The specification is separated into four parts: A general overview of the syntax, a more detailed description, justifications for each added syntax element and clarifications for technical details.

Overview

The basics of wisp syntax can be defined in 4 rules, each of which emerges directly from a requirement:

Wisp syntax 1/4: procedure calls

Indentation:

display
  + 3 4 5
newline

becomes

(display
  (+ 3 4 5))
(newline)

requirement: call procedure without parenthesis.

Wisp syntax 2/4: Continue Argument list

The period:

+ 5
  * 4 3
  . 2 1

becomes

(+ 5
  (* 4 3)
  2 1)

This also works with just one argument after the period. To start a line without a procedure call, you have to prefix it with a period followed by whitespace.

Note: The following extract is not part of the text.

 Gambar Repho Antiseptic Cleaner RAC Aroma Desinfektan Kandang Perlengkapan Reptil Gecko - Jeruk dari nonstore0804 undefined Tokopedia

requirement: continue the argument list of a procedure after an intermediate call to another procedure.

Wisp syntax 3/4: Double Parens

The colon:

let
  : x 1
    y 2
    z 3
  body

becomes

(let
  ((x 1)
   (y 2)
   (z 3))
  (body))

requirement: represent code with two adjacent blocks in double-parentheses.

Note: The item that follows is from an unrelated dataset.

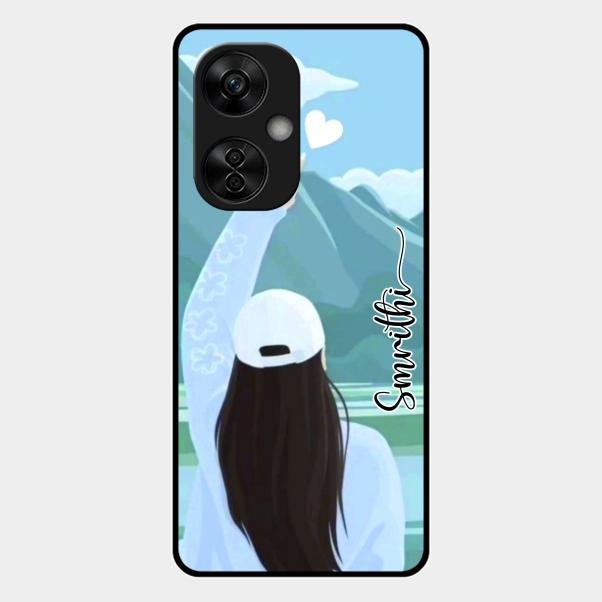 Chasing Dreams Customized Glass Case Cover For Oneplus Nord Ce5 5G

Wisp syntax 4/4: Resilient Indentation

The underscore (optional):

let
_ : x 1
__  y 2
__  z 3
_ body

becomes

(let
  ((x 1)
   (y 2)
   (z 3))
  (body))

requirement: share code in environments which do not preserve whitespace.

Summary

The syntax shown here is the minimal syntax required for the goal of wisp: indentation-based, general lisp with a simple preprocessor, and code which can be shared easily on the internet:

. to continue the argument list
: for double parens
_ to survive HTML

More detailed: Wisp syntax rules

Unindented line

A line without indentation is a procedure call, just as if it would start with a parenthesis.

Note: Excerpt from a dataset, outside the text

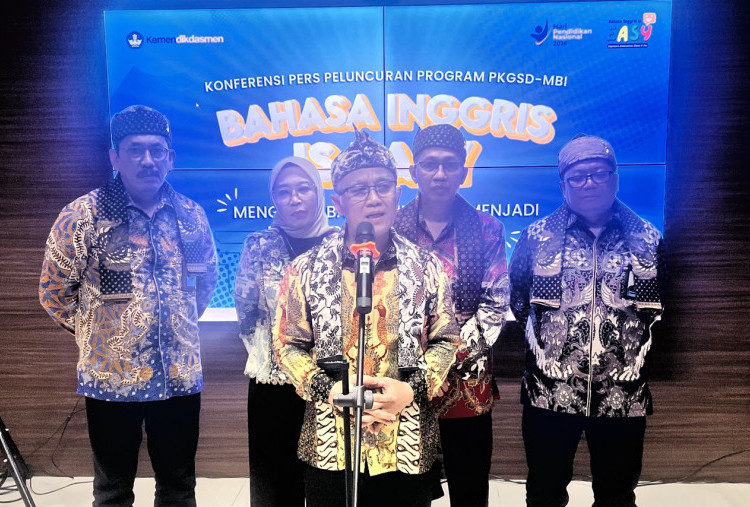 Tak Cukup Nilai, Guru SD Didorong Biasakan Speaking Bahasa Inggris di Kelas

display "Hello World!"              ;    (display "Hello World!")

Sibling line

A line which is more indented than the previous line is a sibling to that line: It opens a new parenthesis.

display                             ;    (display
  string-append "Hello " "World!"   ;      (string-append "Hello " "World!"))

Closing line

A line which is not more indented than previous line(s) closes the parentheses of all previous lines which have higher or equal indentation. You should only reduce the indentation to indentation levels which were already used by parent lines, else the behaviour is undefined.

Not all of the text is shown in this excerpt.